A $35m gas injection project for Birba was completed in 1993 to double the field's oil production capacity from 4,200 b/d but output has since fallen sharply.
Saih Nihayda, found in 1972 in central Oman, is a small field producing 39.6? API oil from a Permian Fm. But this has huge reserves of non-associated gas developed for LNG export, together with the non-associated gas reserves of Saih Rawl and Barik. Saih Nihayda's oil output averages less than 5,000 b/d, compared to almost 9,000 b/d in early 1998 and over 15,000 b/d a few years earlier. In 1998, PDO added to the oil stream small Saih Nihayda extensions with their proven reserves then put at 5m barrels. Saih Nihayda also produces condensate from the field's gas reservoir.
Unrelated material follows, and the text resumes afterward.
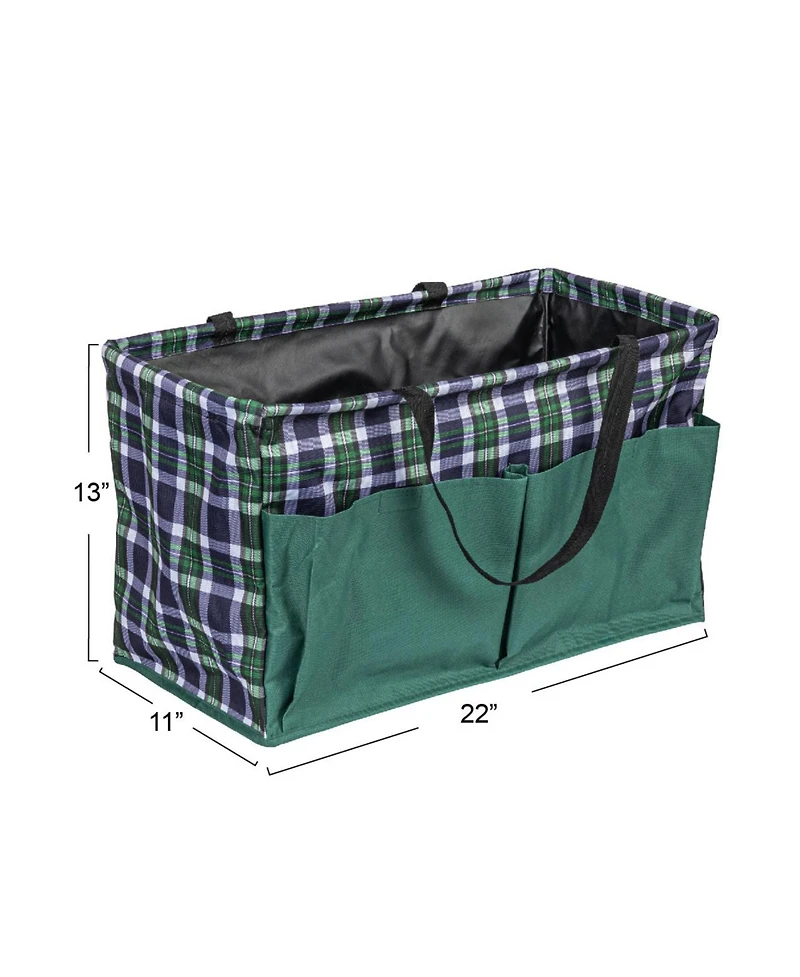 Household Essentials Plaid Krush Container All-Purpose Utility Tote with Green Pockets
PDO in late 2009 gave a $250m EPC contract for the field's massive gas compression project to GS Engineering & Construction of South Korea. This covers installation of gas compressor units supplied by GE Oil & Gas of the US, and subsidiary work including construction of gas sub-stations at the field. GS will debottleneck existing facilities, raising the volume of gas they can handle to 25 MCF/day, from about 20 MCM/d. The project will enable PDO to maintain reservoir pressure at the field for several years beyond its forecast start of declining in 2015. PDO says the project is the first to have been designed in-house by the company's front-end engineering and design (FEED) team, set up in February 2008.
Saih Nihayda's gas reservoir has been producing since it was commissioned in early 2005. Gas from the field is treated at a local processing plant from where it enters the government gas grid. Based on current demand patterns.
Harweel and Sarmad field clusters in the south were found in late 1998 and early 1999 by PDO, among 33 structures identified by the company in that region. Ghafeer was found in mid-1999 in an adjacent area. Its well tested over 6,500 b/d. All of these structures are complex and at a depth of about 4,500m. The cluster of Harweel fields is being developed by PDO which says its reserves will contribute significantly to its output.
The combined EOR and development job for Harweel 2a and 2b phases was given in November 2005 to Petrofac Int'l, along with Oman's Galfar Engineering & Contracting. Worth $960m, this was a project management consulting (PMC) and detailed EPC contract to boost the cluster's output to 100,000 b/d in 2010. The main element of this contract is a major EOR facility based on a miscible gas system (see OMT6).
The Harweel cluster, in the far south, has nine fields containing sweet oil. The first phase in 2004 enabled the cluster to produce 15,000 b/d, though the output now is much lower. Its installations include a pilot gas injection plant and infield pipelines. Harweel's Phase-I EOR is based on water flooding.
Among PDO's projects under construction are the installation, testing and pre-commissioning of a pipeline between the Hubara compressor station to the Marmul oilfield, and another pipeline between Harweel and Marmul. The work involves construction of an 18-inch pipeline by converting a existing 84-km oil pipeline between Marmul and Nimr fields, adding a new 75-km section between Nimr and Hubara, installing a 16-inch gas export pipeline between Harweel and Marmul, two block valve stations between Harbura and Amal field, receivers and launchers, tie-ins, and pressure reduction stations.
A group of small fields, Maurid, Maurid North-East, Wazar, Amab and Tuqaa went on stream in 1998 with a combined capacity of 4,560 b/d and total proven reserves of over 18.4m barrels. But their output has since fallen considerably.